Aurum Deus (GLM + EOG)

(Latin: “Golden God”)


"A man must be cool!" - Reckless Savage Demon Venerable


Priority and goal #1 - Increase my income to 2000$/month (in my country, it’s the equivalent of 200k$ per year in USA) + pay off any bad debts

I want better house, better surroundings, better food, better entertainment, better clothing

Right now, I have one active income and some investments. I’d like to figure out some ways to get (semi-)passive income on the side.

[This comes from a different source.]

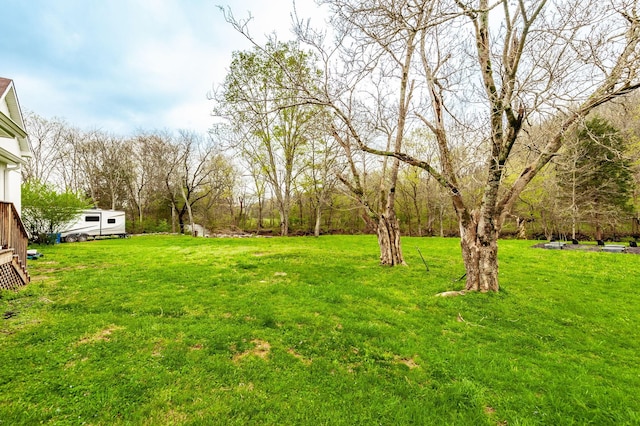 375 Mount Vernon Rd, Bethpage, TN 37022 - view of yard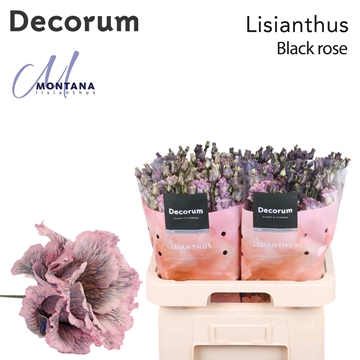 Lisianthus Double 70cm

Goal #2 - Build strong enthusiasm towards working out. Get into consistent workout routine at least 3x/week

I’ve been working out for quite some time, but I’d usually stop being consistent because at some point I’d start hating the gym because of all the pushing myself. I’ve been trying a different strategy - doing the bare minimum (which is just showing up and doing a short warm up), and leaving at the peak of enjoyment. Adding on top of that dopaminergic things such as music/audiobooks.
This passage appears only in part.